Europe’s Best Earnings Quarter in Three Years: An Energy Story, Not an AI One
Strip out the energy sector and the continent grew 6% against America’s 19.6%
European companies are heading into their strongest quarterly earnings season in more than three years, with almost none of it attributed to AI.
STOXX 600 constituents are forecast to grow second-quarter profits by 15.3% year on year, according to LSEG I/B/E/S data compiled by analyst Tajinder Dhillon. This would be the strongest quarter since the final three months of 2022.
However, strip out energy, and the growth rate plummets to 6%. In contrast, the equivalent figure for the S&P 500 is 19.6%.
The gap between European and American performance highlights a crucial point: while tech adoption and AI advancements are significant, energy sector strength is driving Europe’s current earnings growth.
The Impact of Energy Prices on Earnings
Energy is the standout performer, with LSEG forecasting 112.4% earnings growth and 45.7% revenue growth. Healthcare, in contrast, lags with a minus 2.4% growth rate.
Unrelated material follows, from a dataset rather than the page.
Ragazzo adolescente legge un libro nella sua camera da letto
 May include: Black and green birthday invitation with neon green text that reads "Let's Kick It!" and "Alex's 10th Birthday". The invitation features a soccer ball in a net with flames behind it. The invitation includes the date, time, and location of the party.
The primary driver of this disparity is the surge in crude oil prices. Brent averaged $103.28 per barrel in Q2 2026 compared to $68.01 in the same period last year, a 52% increase. This is primarily due to geopolitical tensions, notably the conflict between the US and Israel/Iran.
ASML: A Bright Spot in AI-Linked Earnings
While energy dominates the earnings narrative, it’s worth noting the usual standout in AI-related earnings:
ASML reported second-quarter net sales of €9.33 billion, exceeding guidance, with a strong gross margin and net income. They raised full-year sales guidance for the second time this year, indicating continued demand for their advanced technologies, including those linked to AI investments.